BHG 2025-1CON will sell $297.2 million in securities to investors, through five tranches of class A,B, C, D, and E notes. All the notes have a legal final maturity date of April 17, 2036, say analysts at Fitch Ratings and Kroll Bond Rating Agency.

KBRA assigned AAA ratings to the $130 million, class A tranche. Fitch assigned AAA to the class A notes; AA- to the class B notes; A- to the class C notes; BBB- to the class D notes and BB to the class E notes. BHG 2025-1CON's capital structure includes subordination of junior note classes, a cash reserve account equaling 0.50% of the initial pool balance, and excess spread equaling 11.06%, according to KBRA.

The transaction uses a sequential pay structure, where the class A notes receive principal payments before all the subordinate notes. Each class, however, has a required overcollateralization percentage. When that percentage is reached, the next subordinate class to start receiving principal payments. If the class D reaches its required percentage, all classes will be paid pro rata.

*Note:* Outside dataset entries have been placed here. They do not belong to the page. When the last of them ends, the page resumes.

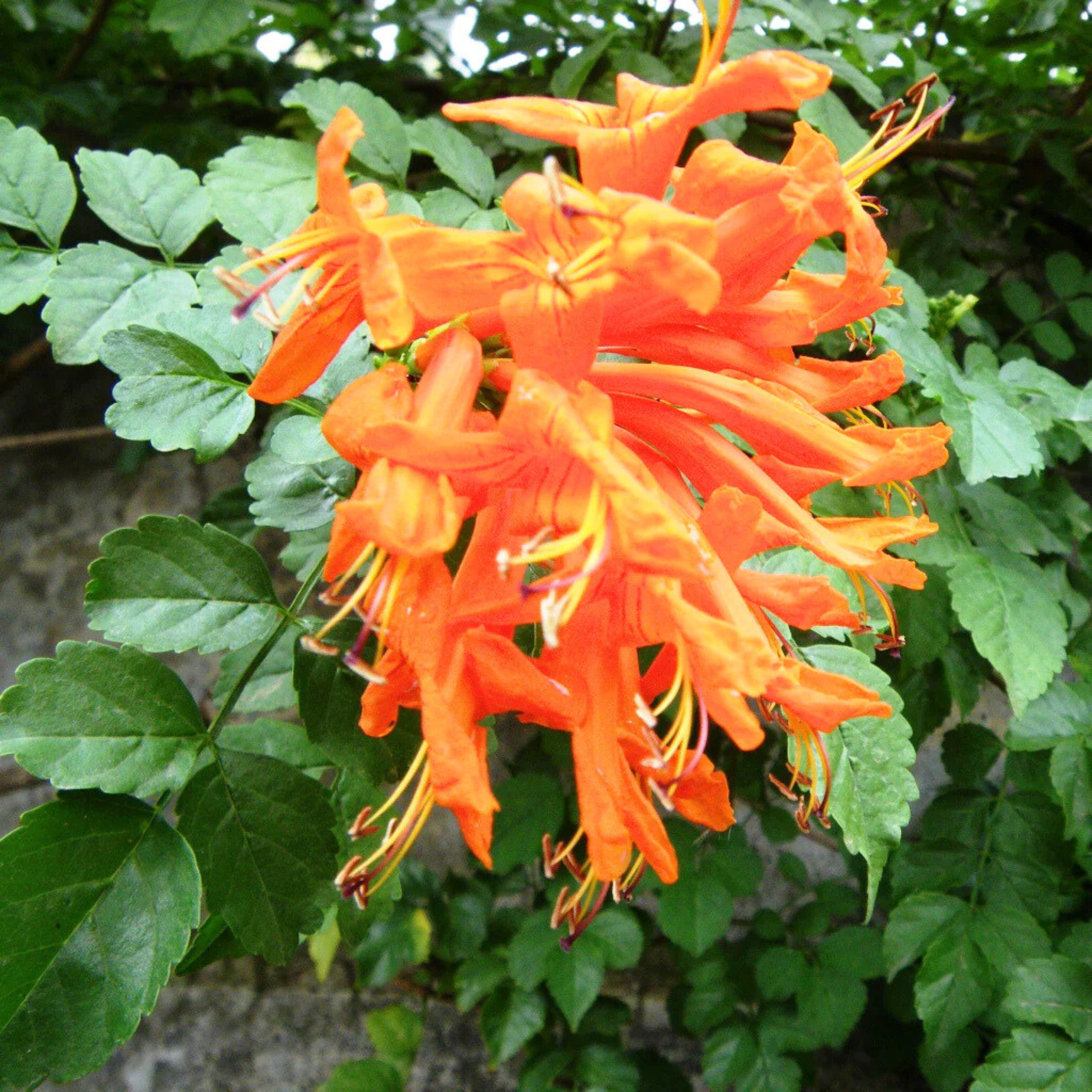 DZ Cape Honeysuckle Orange (Tecoma capensis) Flowering Live Plant - view 2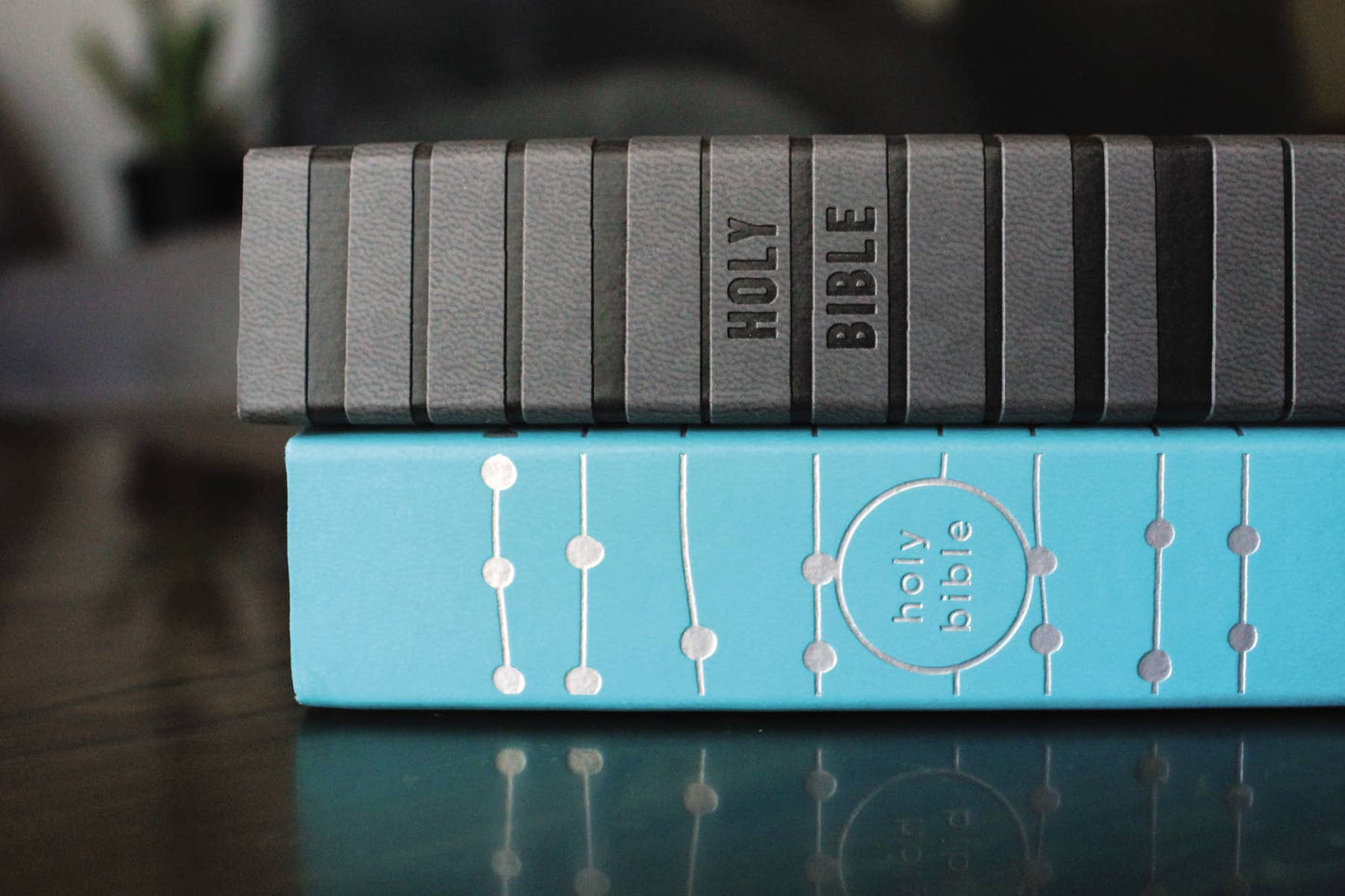 NIV, Holy Bible For Boys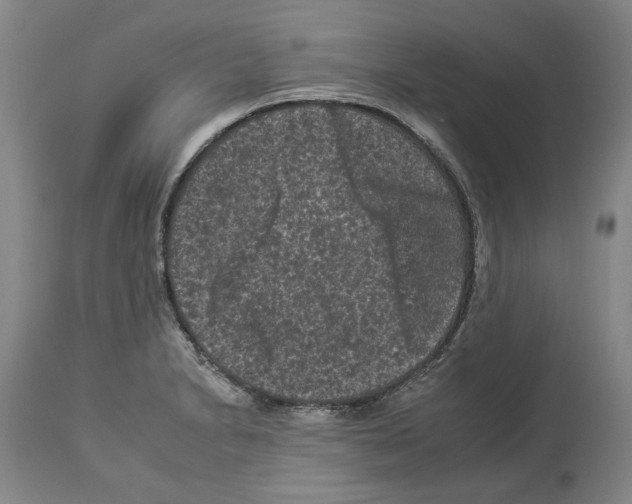 X0000112931230200910051124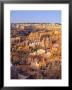 View Over Silent City From Sunset Point, Bryce Canyon National Park, Utah, Usa by Tony Gervis Limited Edition Print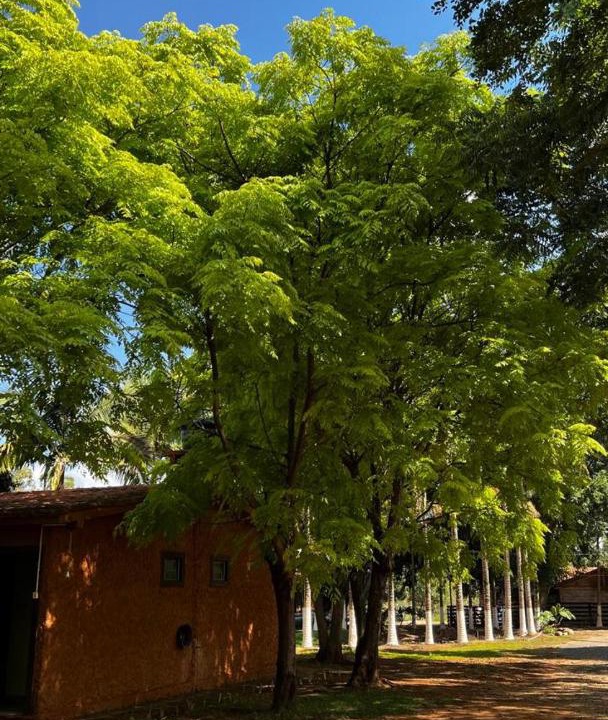 Photo of Others in Carmo do Rio Claro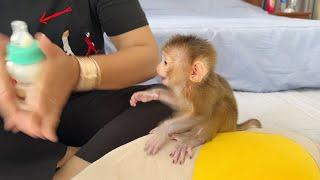 Pitiful Newborn Baby Monkey Moaning Voice Hungry Drink Milk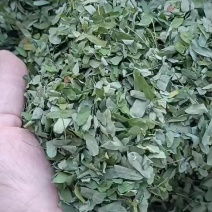 高中低端货相思叶都有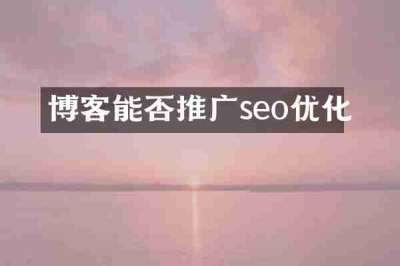博客能否推广seo优化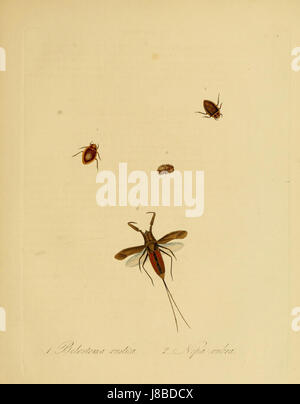 Insectes Donovan de Chine, 1838 pl 19 Banque D'Images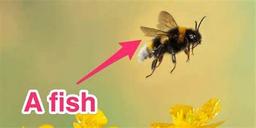 عقلانیت آمریکایی: زنبور نوعی ماهی است!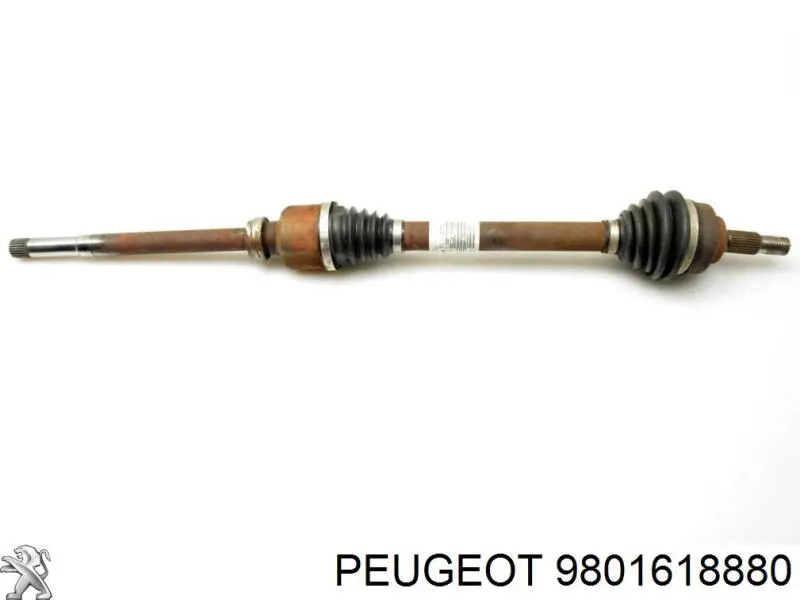 Semieje delantero derecho Peugeot/Citroen 3273VY precio, desde 119,06 EUR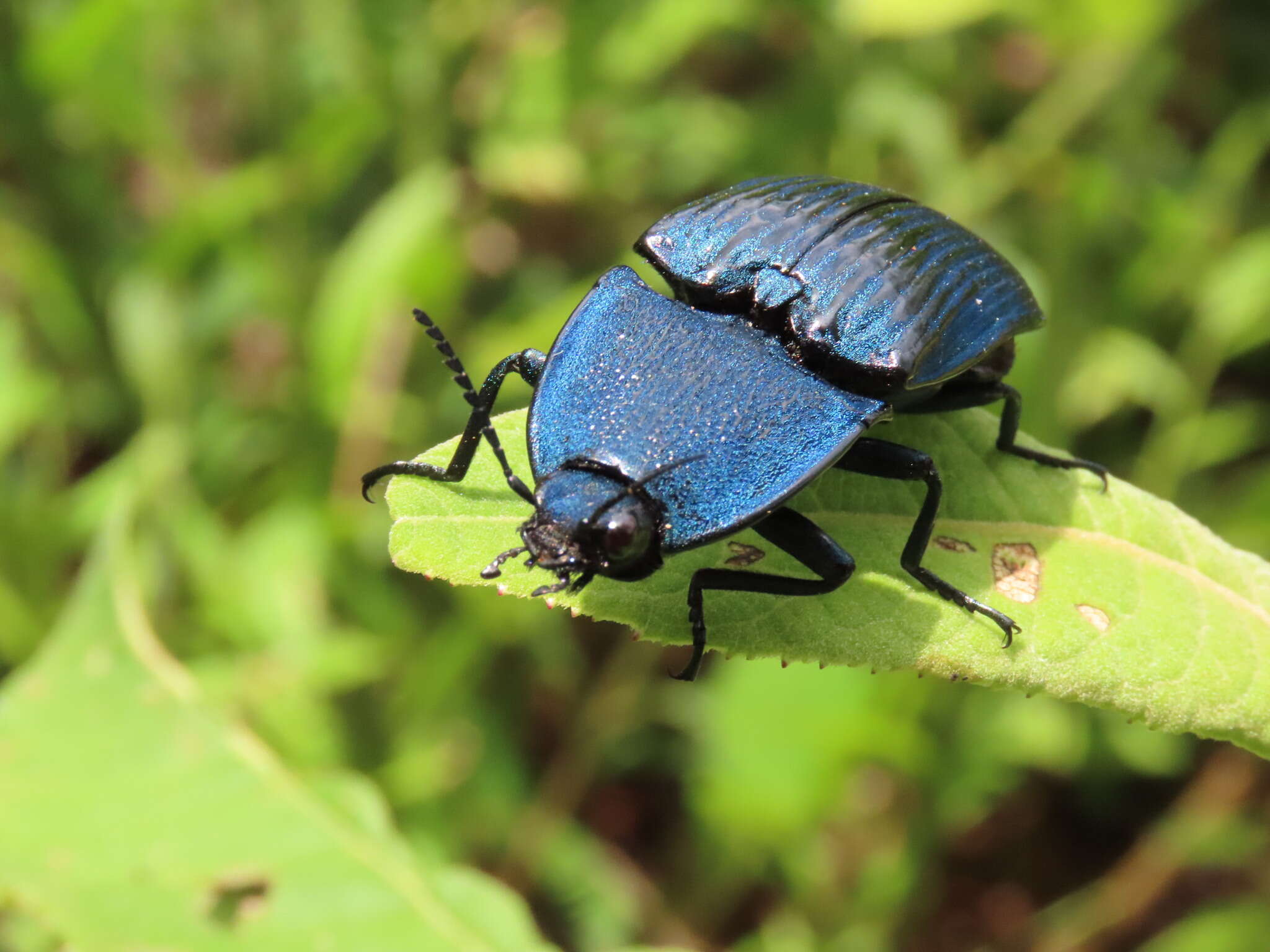 Image of Chalcolepidius lacordairei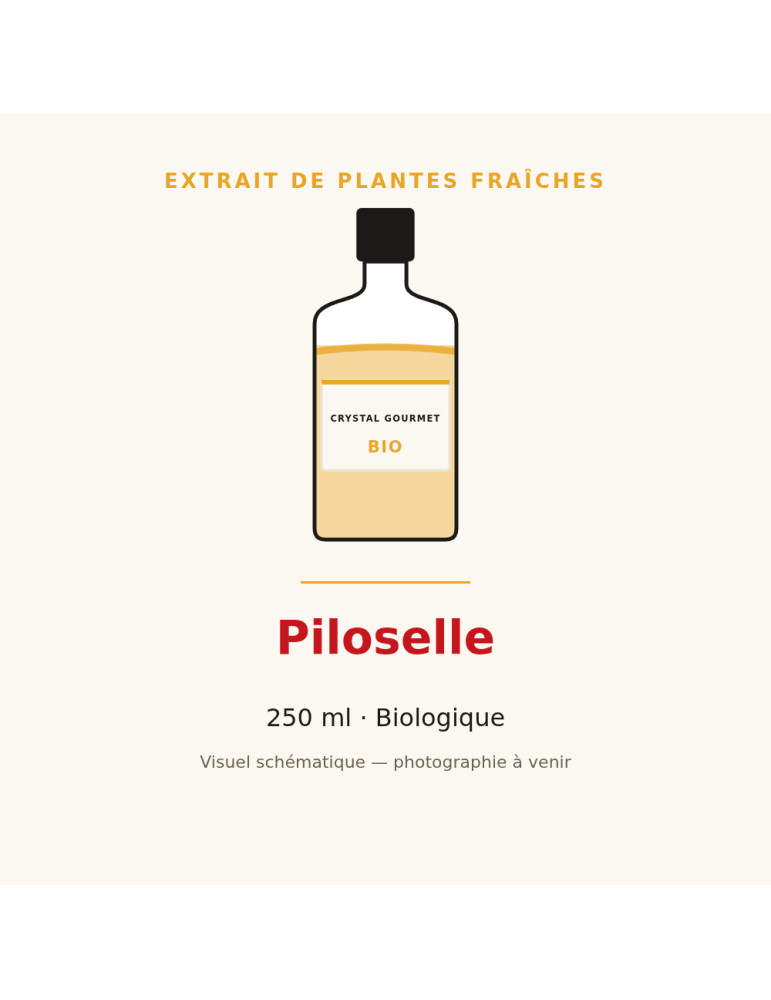 Extrait de plantes fraîches de Piloselle bio - 250 ml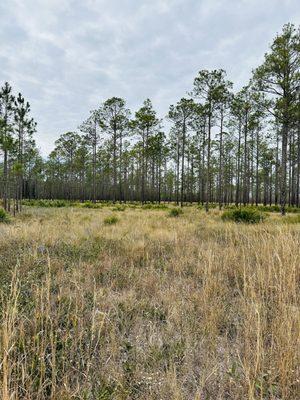 Branan Field Wildlife & Environmental Area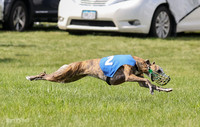 Prrogram 4, Race 2 Bogie Tina Charlotte Jett Roxy-2476
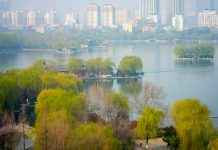 Cina: il paesaggio primaverile del lago Daming attira i turisti (1)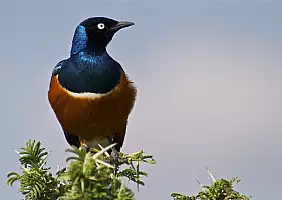 turistipercaso tanzania-u4eax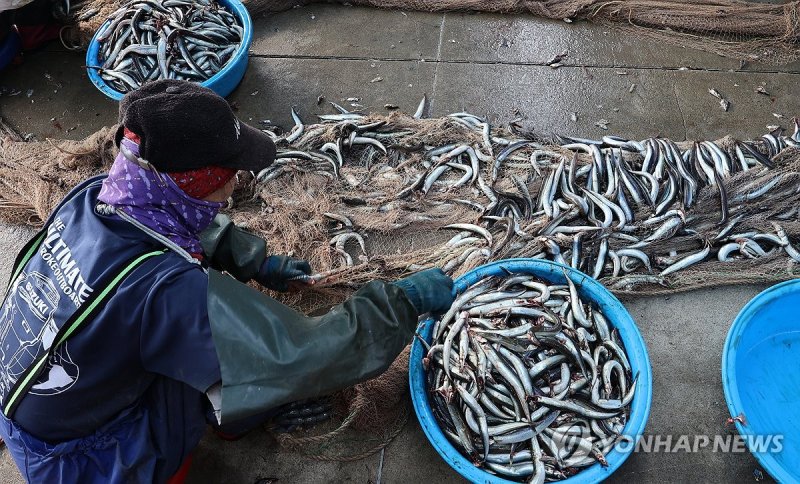 양미리 첫 조업부터 그물 가득 양미리 첫 조업부터 그물 가득 (강릉=연합뉴스) 유형재 기자 = 1일 강원 강릉시 주문진항에서 주민들이 조업이 시작된 동해안 겨울별미인 양미리를 그물에서 떼어내는 작업으로 바쁘다. 2023.11.1 yoo21@yna.co.kr (끝)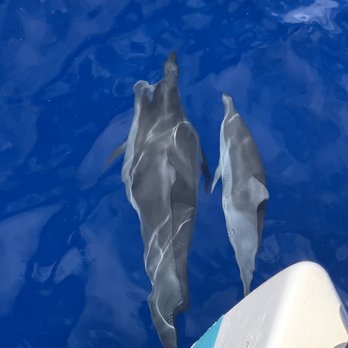 Teralani Sailing Adventures - Spinner dolphins swimming with Teralani 4. - Boating Near Me - Lahaina, Hawaii Teralani Sailing Adventures - Spinner dolphins swimming with Teralani 4. - Boating Near Me - Lahaina, Hawaii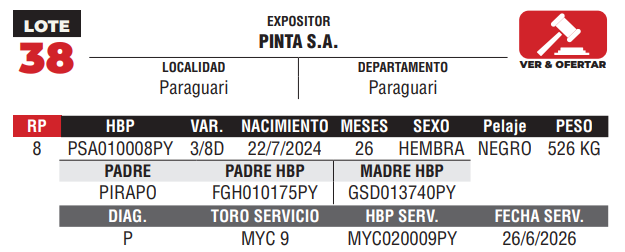 Lote LOTE 38 - DE CAMPO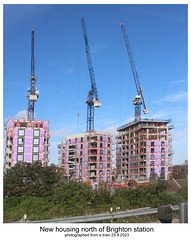 Cranes Brighton 25 9 2023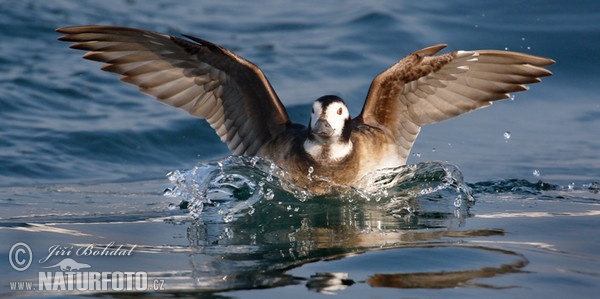 لمی پوچھل آلی بطخ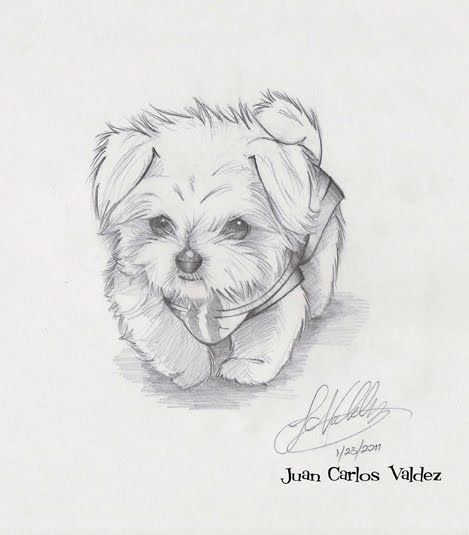 469x535 afbeeldingsresultaat voor maltese puppy drawing pets - Maltese Dog Drawing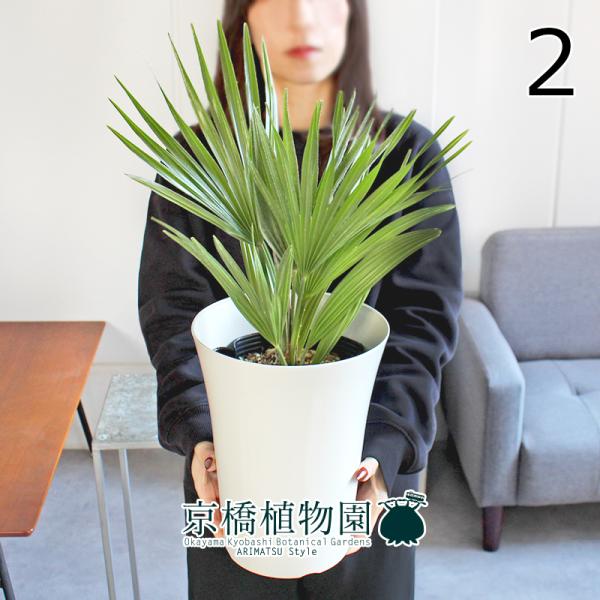 【現品】チャメロプス　フミリス　ボルケーノ　9号　GH番 楽天市場】【現品・現物】【耐寒性ヤシ 椰子】チャメロプス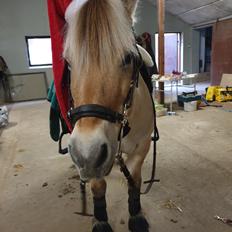 Fjordhest Hedegårds dante hjemme igen 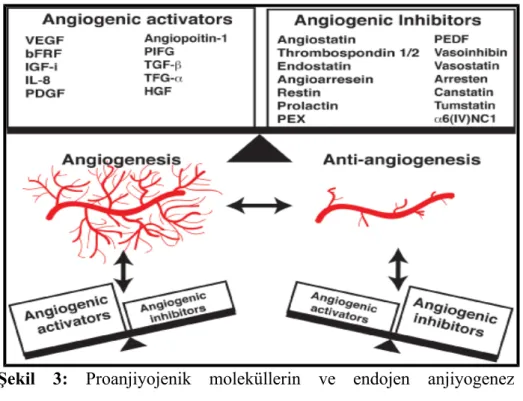 Şekil   3:  Proanjiyojenik   moleküllerin   ve   endojen   anjiyogenez inhibitörlerinin anjiyogenez ile olan ilişkisini gösteren şema (41).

Once the transaction reaches a pool factor of 10%, the priority of payments switches back to a full-turbo, sequential pay structure.

There is also a cumulative net default trigger on the deal. If this trigger is breached, then BHG 2025-1CON will start a full turbo amortization sequence. Should the cumulative net default situation get resolved, then the overcollateralization requirement will equal either 1.00% of the current pool balance or 1.00% of the initial pool balance or the product of overcollateralization from the distribution date prior to the breach and the pool balance as of the last day of the related collection period, whichever is greatest.

Goldman Sachs is the deal's lead underwriter, according to Fitch Ratings.

The pool is made up of 3,632 loans, with a current balance of $82,661 and a WA rate of 18.02%, Fitch said. Borrowers have a WA FICO score of 736, the rating agency said.

Pinnacle Bank and County Bank originated the loans in the pool, representing 49.91% and 50.09% of the collateral, respectively.

One aspect of the deal gives it a mixed credit outlook, which is the option to repurchase delinquent loans or substitute ineligible loans. That option is capped at 10% of the aggregate closing pool balance, which includes any defaulted loans that were sold out of the transaction, KBRA said.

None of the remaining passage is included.